On 07/22/2016 01:38 PM, William A Rowe Jr wrote:
RFC 7231 § 7.1.1
RFC 7232 § 2.2

Okay, at least we're looking at the same sections then. But I'm not finding support for your statement that we must replace completely unintelligible Last-Modified values with current timestamps. The closest I found was this:

   An origin server with a clock MUST NOT send a Last-Modified date that
   is later than the server's time of message origination (Date).  If
   the last modification time is derived from implementation-specific
   metadata that evaluates to some time in the future, according to the
   origin server's clock, then the origin server MUST replace that value
   with the message origination date.

which does not apply to completely invalid data, just future timestamp metadata. A "Last-Modified: complete-junk" header coming from a CGI implementation is not a "future" timestamp; it's complete junk, and IMO we should not promote it to *any* authoritative value. We should treat it as if no Last-Modified header was sent at all.
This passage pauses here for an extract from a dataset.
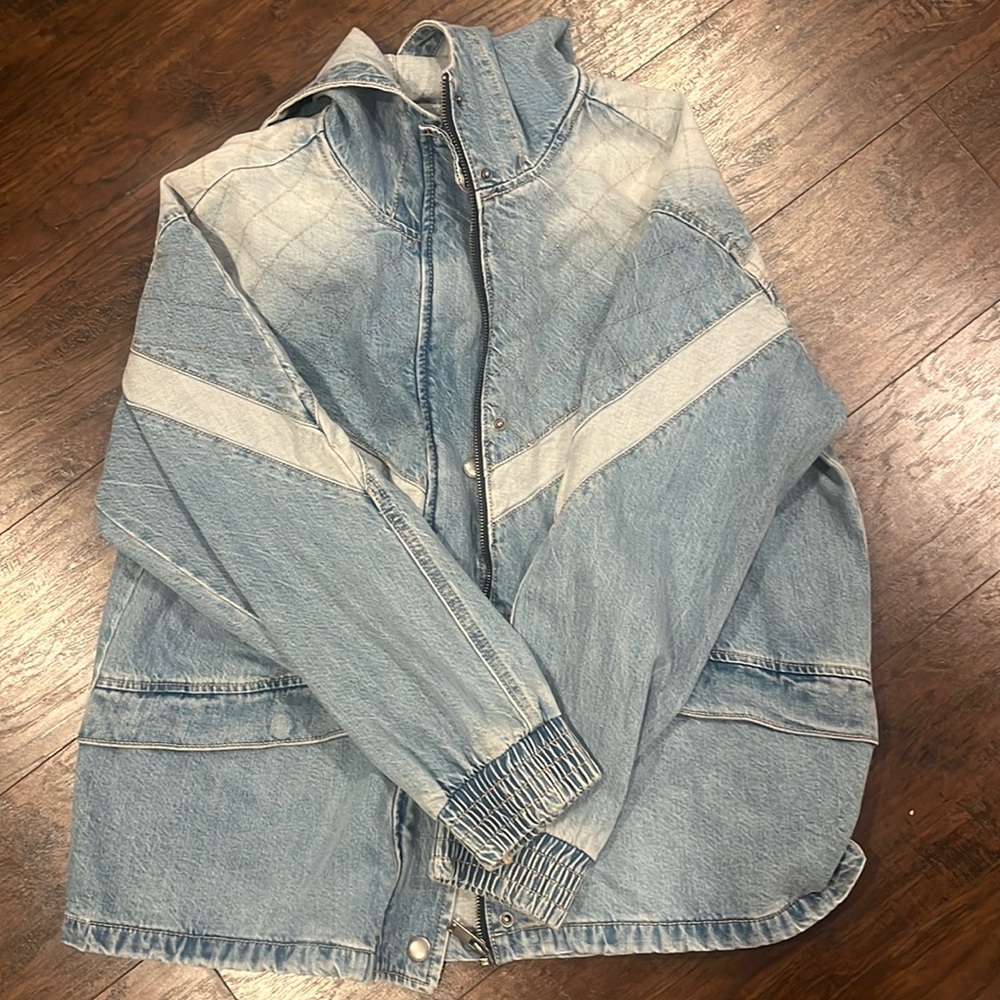 AMERICAN EAGLE Oversized Jean Jacket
Also, since we're talking about CGI here (which IIUC is an implementation detail as far as HTTP is concerned), 7.1.1.1 has this to say:

      Note: HTTP requirements for the date/time stamp format apply only
      to their usage within the protocol stream.  Implementations are
      not required to use these formats for user presentation, request
      logging, etc.

CGI communication is not part of the protocol stream. As long as we don't run afoul of any CGI-related RFCs that lock us into a specific interpretation of junk header data, 723x appears (to me) to have no prohibition on fixing up or removing bad HTTP-dates coming from an internal CGI backend. It's up to us to determine what is most correct/useful behavior. (The situation might be different if we were talking about a cache or a proxy, but we're not.)

Am I missing any relevant sections here?